- Goal of the exercise -
The listing below should be printed exactly, every line of it. Skip the pictures.

- Dataset excerpt -

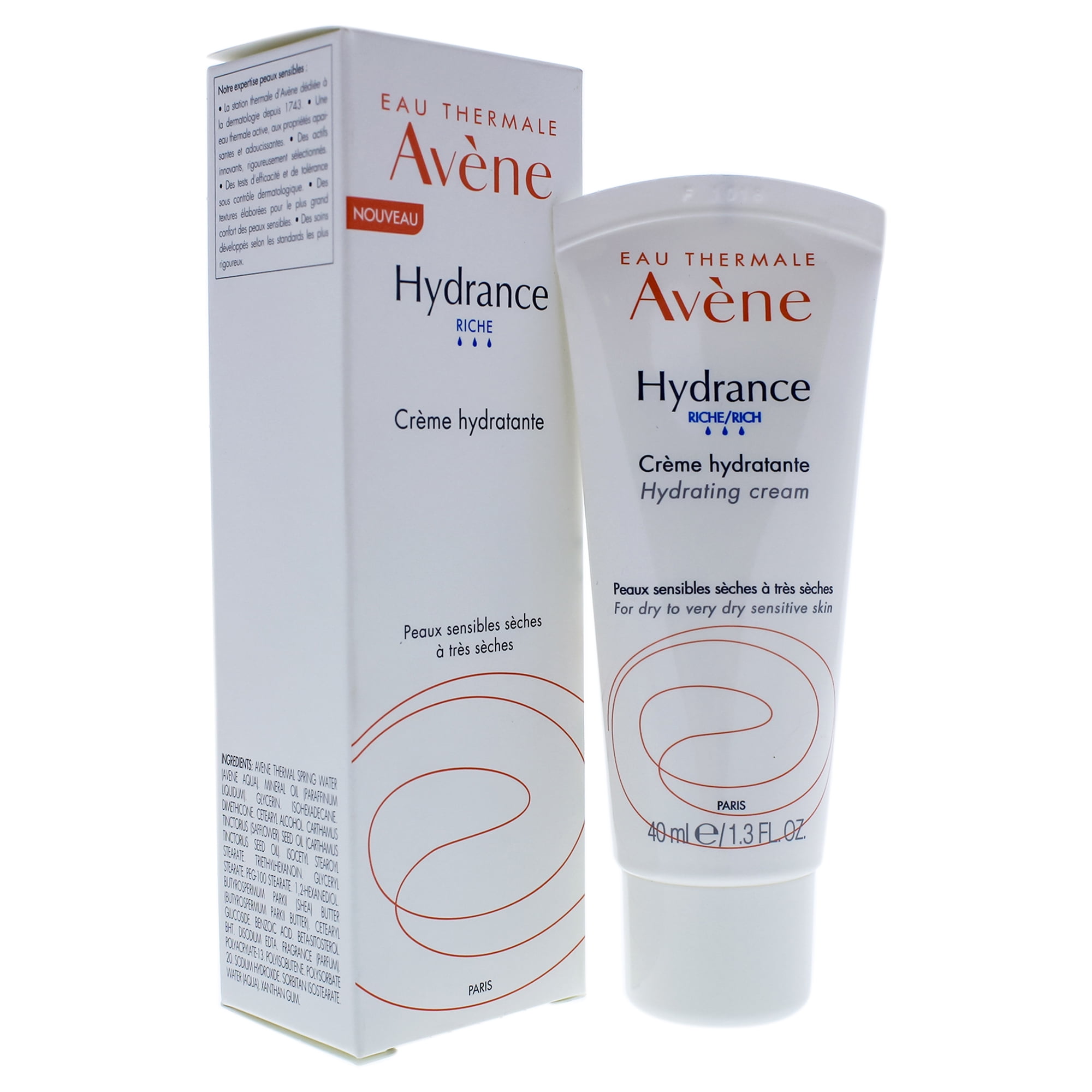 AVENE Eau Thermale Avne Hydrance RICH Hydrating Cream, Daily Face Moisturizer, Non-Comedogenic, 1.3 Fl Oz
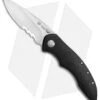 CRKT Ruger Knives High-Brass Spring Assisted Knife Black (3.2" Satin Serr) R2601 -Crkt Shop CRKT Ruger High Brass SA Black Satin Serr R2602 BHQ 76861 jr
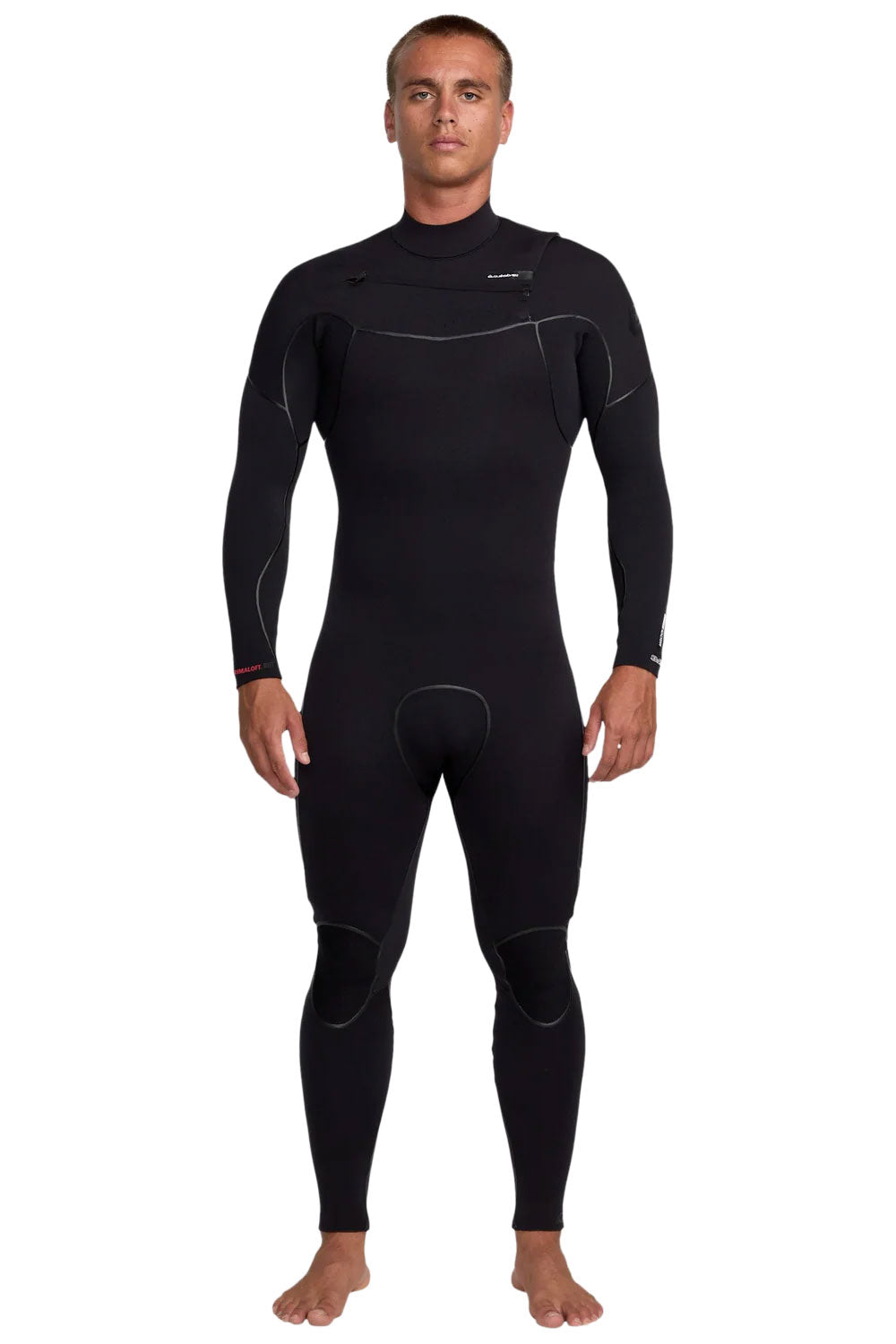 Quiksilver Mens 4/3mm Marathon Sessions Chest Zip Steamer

- Answer for this exercise -
 AVENE Eau Thermale Avne Hydrance RICH Hydrating Cream, Daily Face Moisturizer, Non-Comedogenic, 1.3 Fl Oz
 CRKT Ruger Knives High-Brass Spring Assisted Knife Black (3.2" Satin Serr) R2601 -Crkt Shop CRKT Ruger High Brass SA Black Satin Serr R2602 BHQ 76861 jr
 Quiksilver Mens 4/3mm Marathon Sessions Chest Zip Steamer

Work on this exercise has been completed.